What you need to do: Everything in the records below from the line containing "3229 Fanleaf Drive Mississauga ON L5N 7C8" through the line containing "Certified Used 2025" is to be reproduced exactly, those two lines included; no picture is to be copied.

Dataset records:
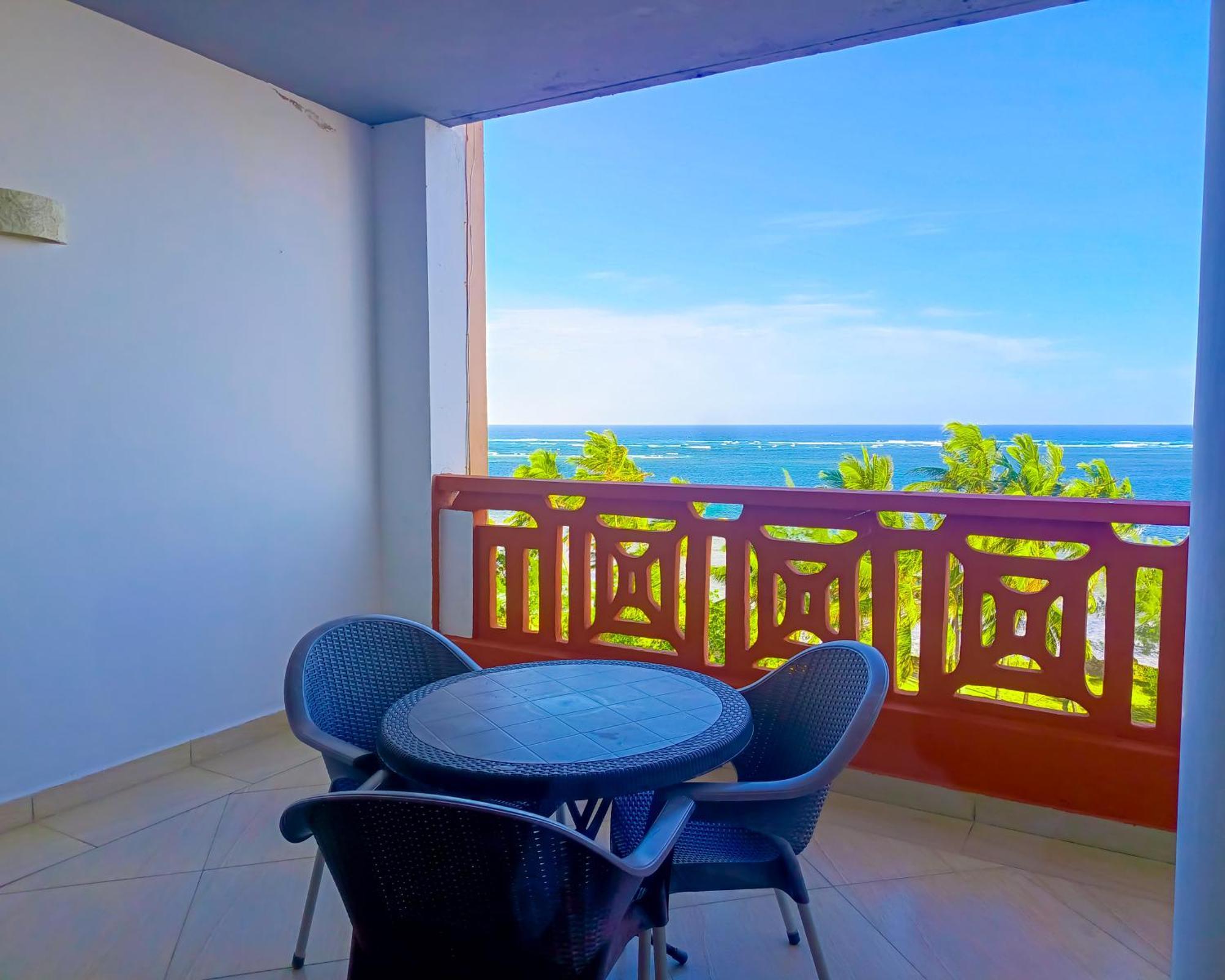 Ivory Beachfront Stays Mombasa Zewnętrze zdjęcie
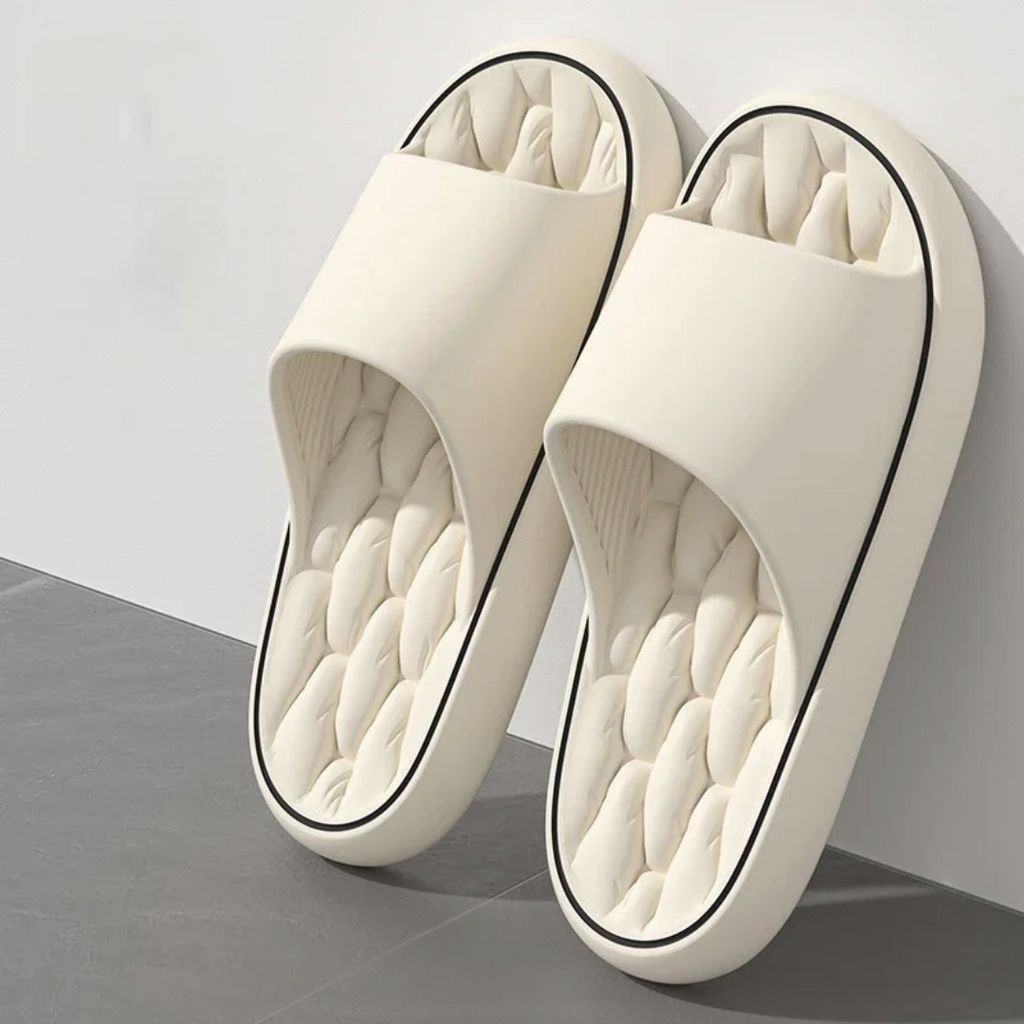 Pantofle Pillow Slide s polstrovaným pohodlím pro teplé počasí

--

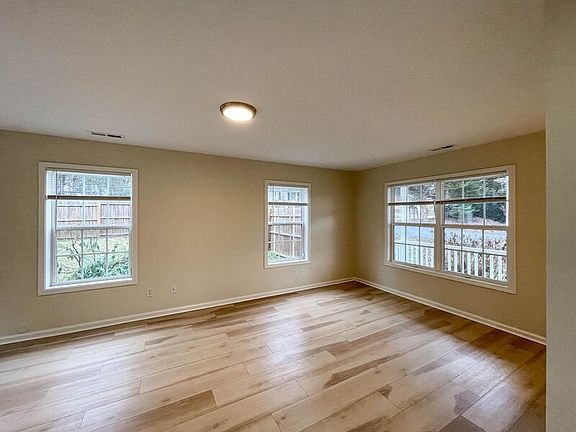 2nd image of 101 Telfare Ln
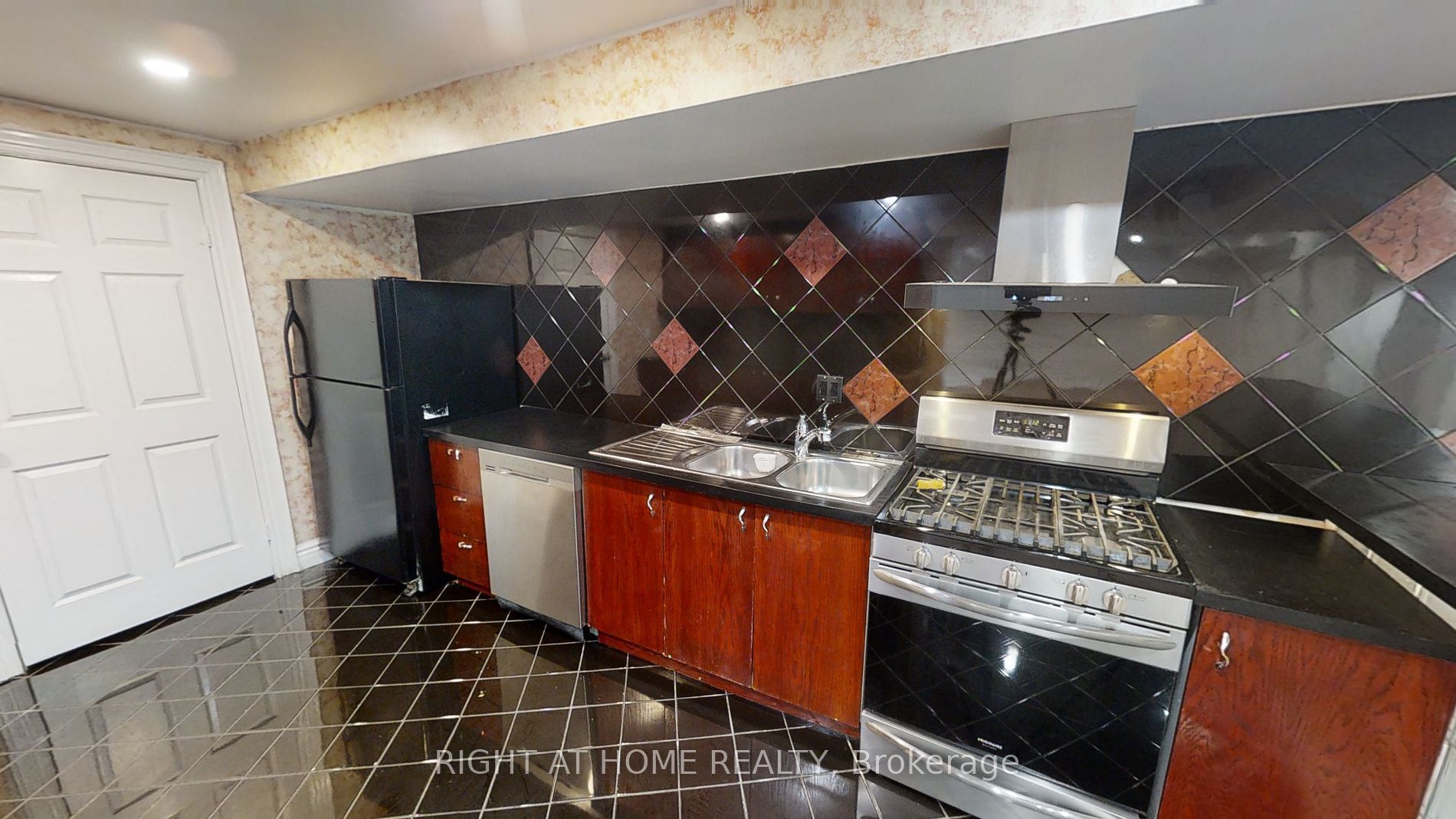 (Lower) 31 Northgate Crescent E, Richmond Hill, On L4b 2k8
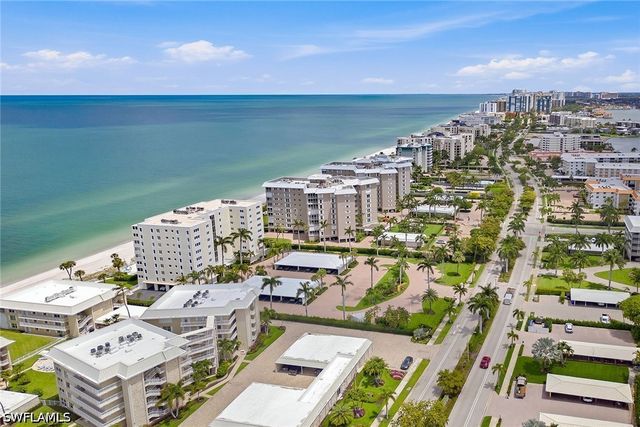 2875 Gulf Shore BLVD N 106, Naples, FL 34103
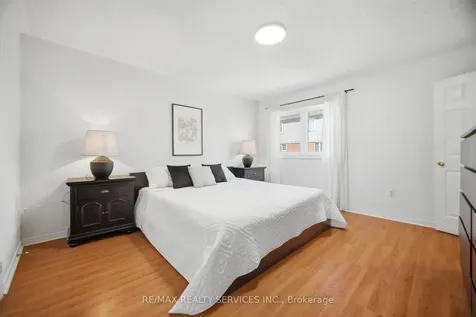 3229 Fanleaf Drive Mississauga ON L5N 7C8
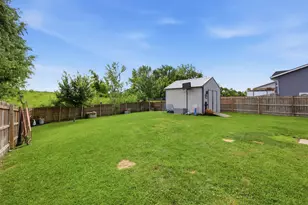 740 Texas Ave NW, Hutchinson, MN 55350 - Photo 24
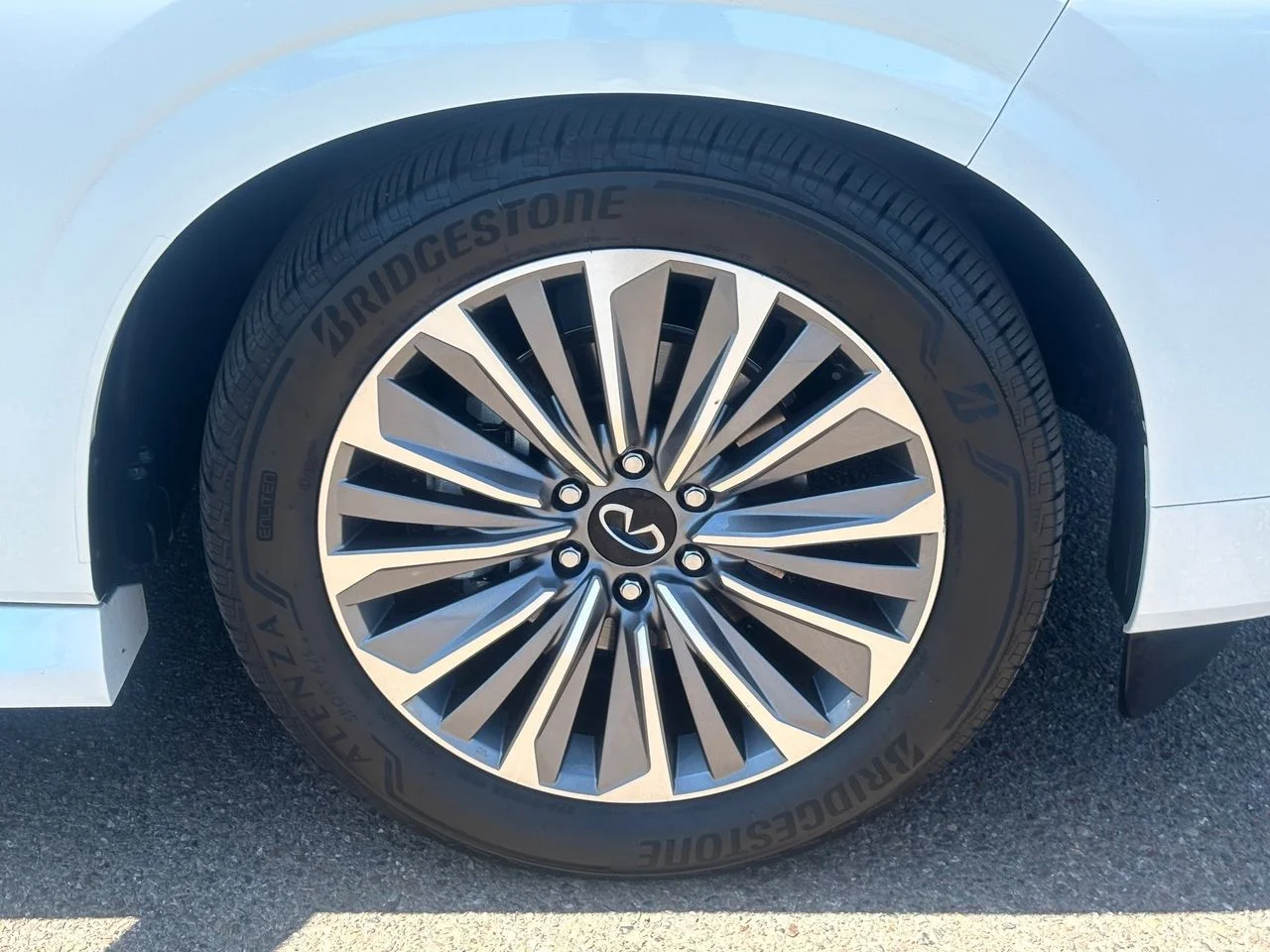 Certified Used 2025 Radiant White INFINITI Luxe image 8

* * *

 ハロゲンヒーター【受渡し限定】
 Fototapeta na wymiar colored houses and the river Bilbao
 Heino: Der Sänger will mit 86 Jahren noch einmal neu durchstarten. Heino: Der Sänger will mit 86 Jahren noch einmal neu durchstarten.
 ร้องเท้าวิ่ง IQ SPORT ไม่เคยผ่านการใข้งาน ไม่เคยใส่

Expected output:
 3229 Fanleaf Drive Mississauga ON L5N 7C8
 740 Texas Ave NW, Hutchinson, MN 55350 - Photo 24
 Certified Used 2025 Radiant White INFINITI Luxe image 8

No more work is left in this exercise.